Est-ce que les buveurs bourguignons d’eau gratuite rêvent d’un monde où l’eau serait un « bien commun » échappant à la privatisation et à la marchandisation capitaliste ? Est-ce qu’ils savent que cette eau généreusement dilapidée par cette fontaine est ailleurs dans le monde devenue tellement rare qu’elle est fauteuse de guerres ? Leur geste est-il de protestation contre une société qui oblige à payer ce qui devrait être partagé par tous - ou sont-ils mus seulement par le souci égoïste de faire l’économie d’un achat supplémentaire ? Bref : les passants de Pontaubert sont-ils « de gauche » ?
Dans les villages gaulois, s’agitent encore certains printemps sur les places, d’étranges individus réclamant comme Arthur Rimbaud en 1870 de « changer la vie ».
D’un printemps l’autre, un jeune homme agile gagne les sommets de la gouvernance républicaine en prétendant incarner une « modernité » française numérisée et flexible – capable de redorer le blason du vieux pays en start-up flamboyante.

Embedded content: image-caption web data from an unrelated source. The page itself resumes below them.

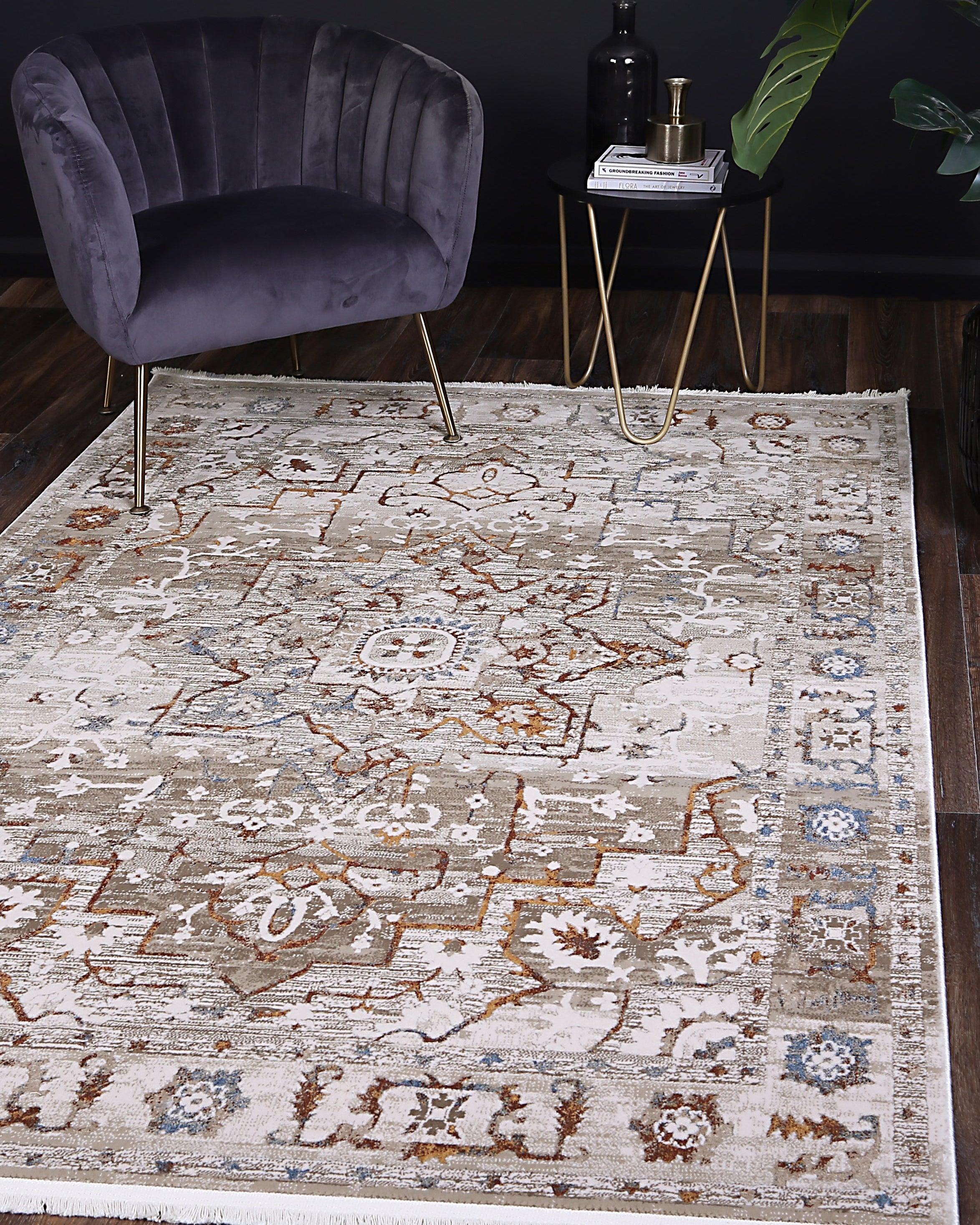 Bohemian Paradise Medalion Beige Multi Rug - 05BMUL - Beige bohemian rug from Vogue Rugs Australia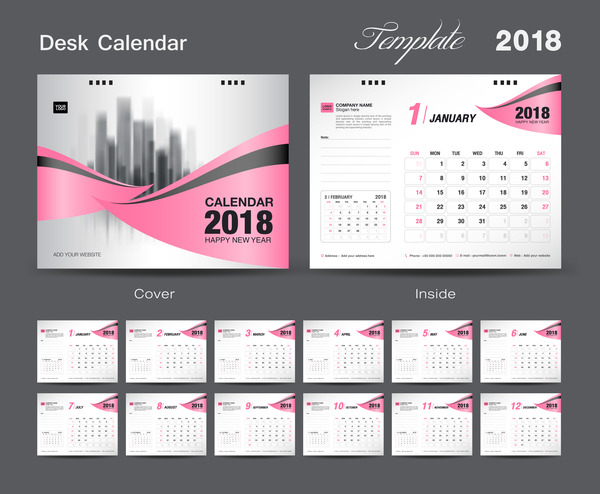 täcka skrivbord Rosa Kalender 2018 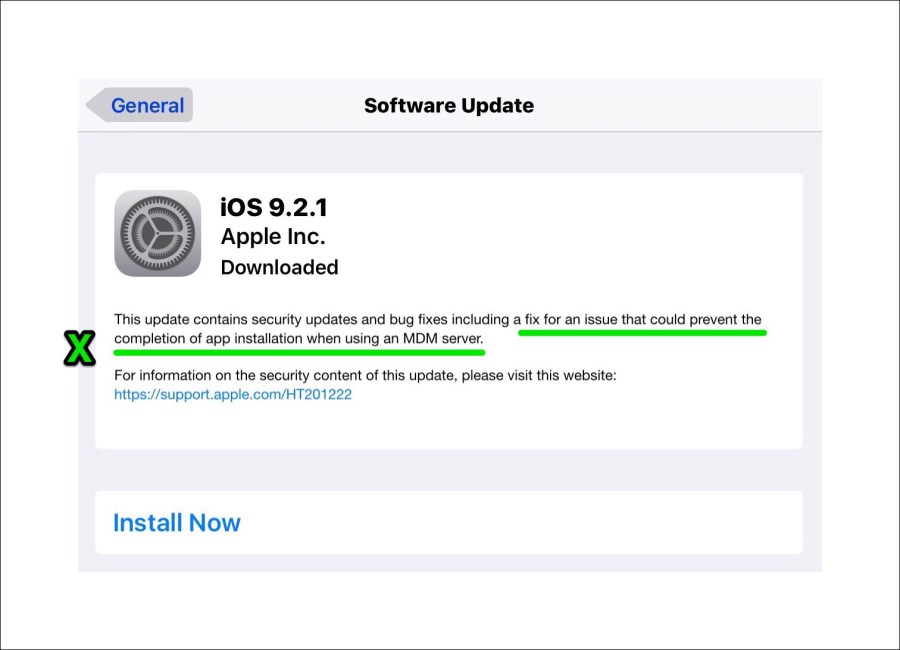 ios 9.2.1 fixes some app's not installing problems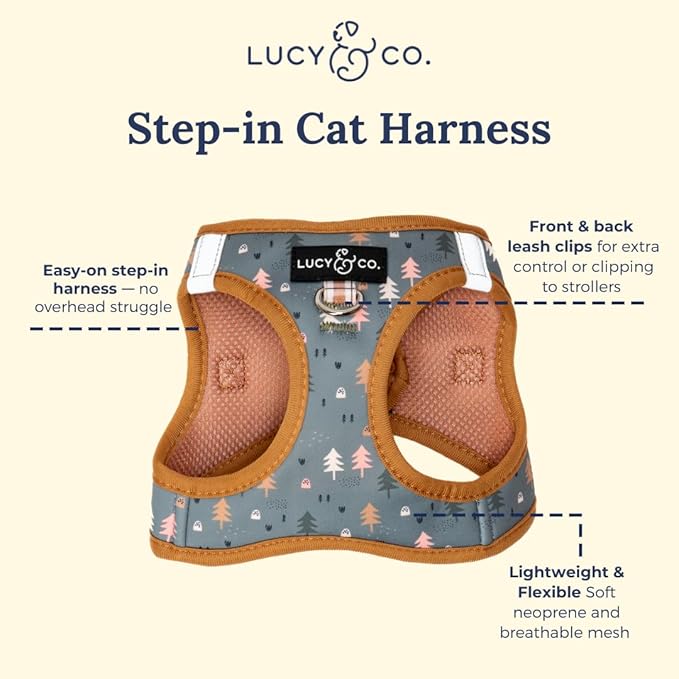 Lucy & Co. Take a Hike Step-in Cat Harness & Leash Bundle – Reflective, Breathable & Adjustable Harness for Cats, Kittens & Small Dogs, Lightweight & Secure and Dual Leash Clips – X-Small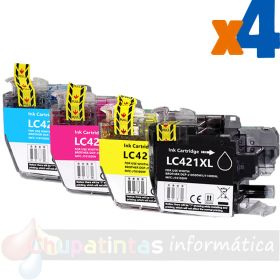 Brother LC421XL Pack de 4 Cartuchos de Tinta Genéricos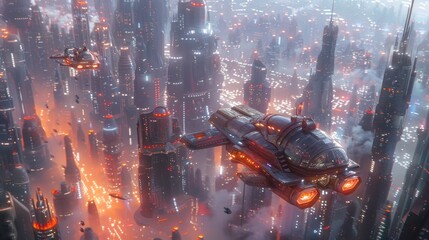Futuristic Cityscape with Spaceships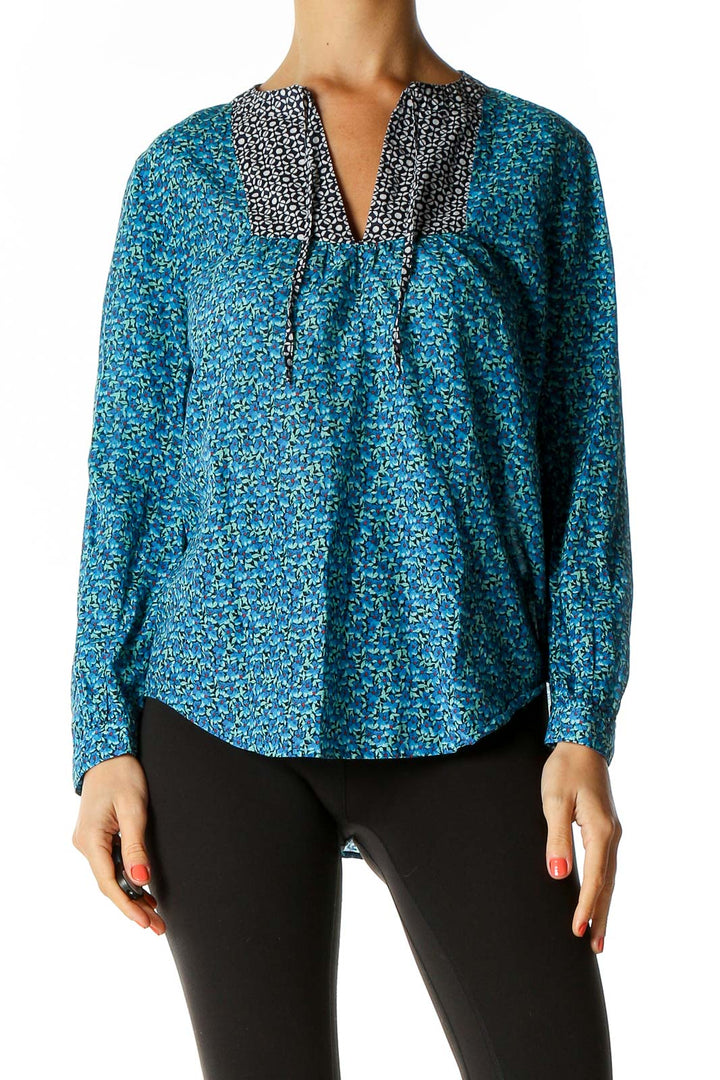 Blue Printed All Day Wear Blouse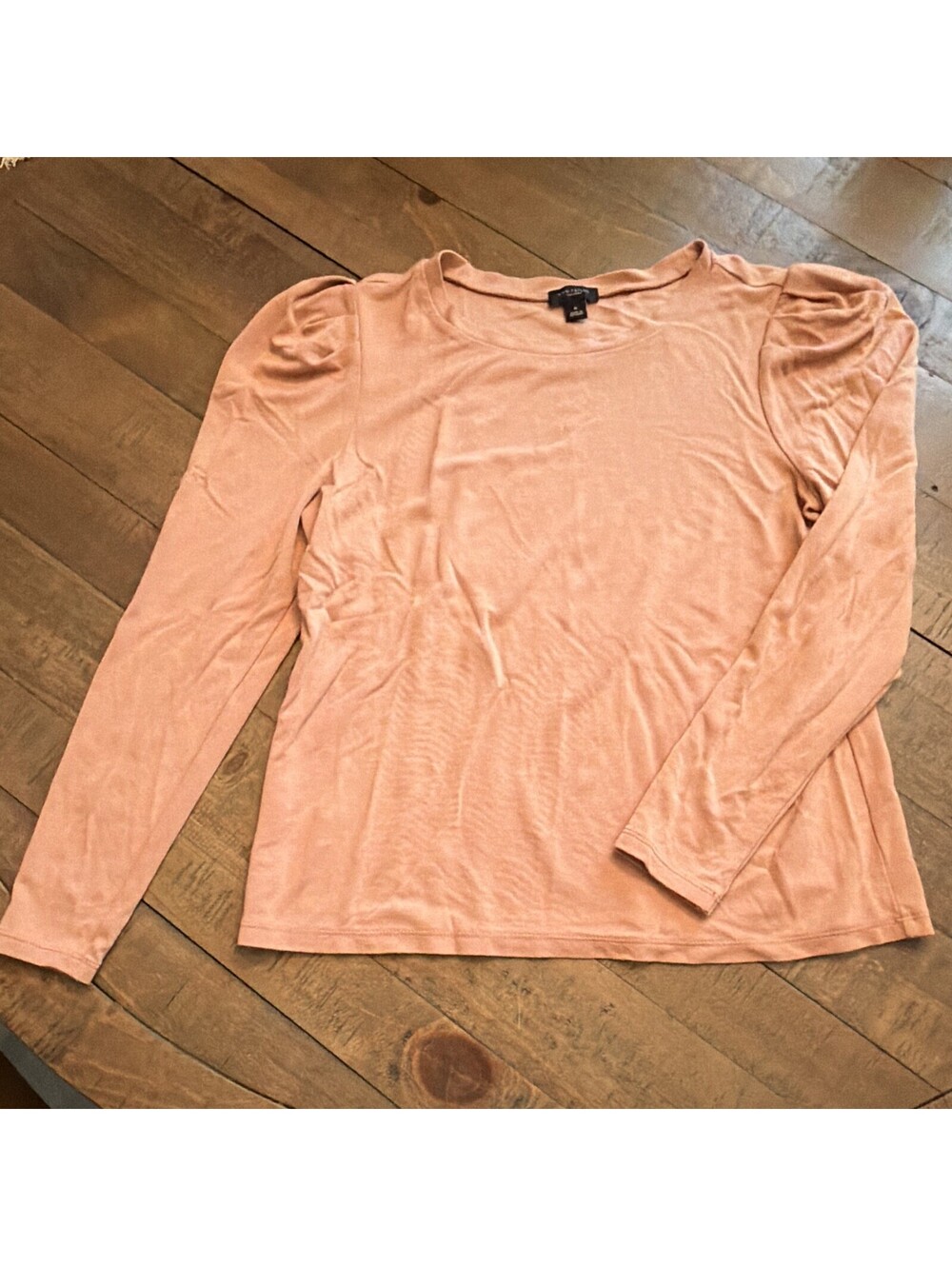 Ann Taylor Factory Pink Ruched Long Sleeve Knit Top Round Neck Pullover M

Quoi de commun entre ces deux « jeunesses » : celle réclamant l’égalité assemblée tenante Nuit entière Debout, et celle des nouveaux gagnants de l’intégration heureuse dans l’immédiateté exaltante de la finance mondialisée ?
Le « commun », c’est l’affaire de la « politique » : cette étrange activité humaine qui transforme la contemporanéité des agitations individuelles en « conscience collective » et en sentiment d’une communauté de destins.
Longtemps la « gauche » s’est levée de bonne heure, représentant à l’Assemblée nationale, depuis qu’elle s’est auto-constituée en juin 1789, les plus radicaux des révolutionnaires réclamant l’abolition des anciens privilèges – reléguant au musée (du Louvre) des formes politiques « anciennes » les perruques poudrées de la grande propriété foncière nobiliaire
Ce peuple du travail producteur de la richesse, artisans, paysans, commerçants, ouvriers, Tiers Etat de l’Ancien régime, s’était prétendu « peuple souverain » et avait aboli les deux autres assemblées de la noblesse et du clergé. Porteur d’une promesse politique, l’égalité des « citoyens », cette assemblée « populaire » avait promulgué une « déclaration universelle des droits de l’homme », bientôt abîmée en Europe par les bruits de bottes des armées napoléoniennes devenues impériales et impérialistes, et hors d’Europe par la colonisation militaire de l’ « universalisme » « français » - triste oxymore.
D’empire français rétablissant l’esclavage en république autoritaire massacrant les ouvriers révoltés de juin 1948 ou de la Commune de Paris, s’est tout de même frayé un chemin dans les esprits – à vrai dire aujourd’hui une autoroute ou un Train à Grande Vitesse : celui d’une « promesse démocratique » garantissant à tous grâce au vote et aux droits attachés à la citoyenneté juridique une égalité de droits préfigurant une égalité de fait.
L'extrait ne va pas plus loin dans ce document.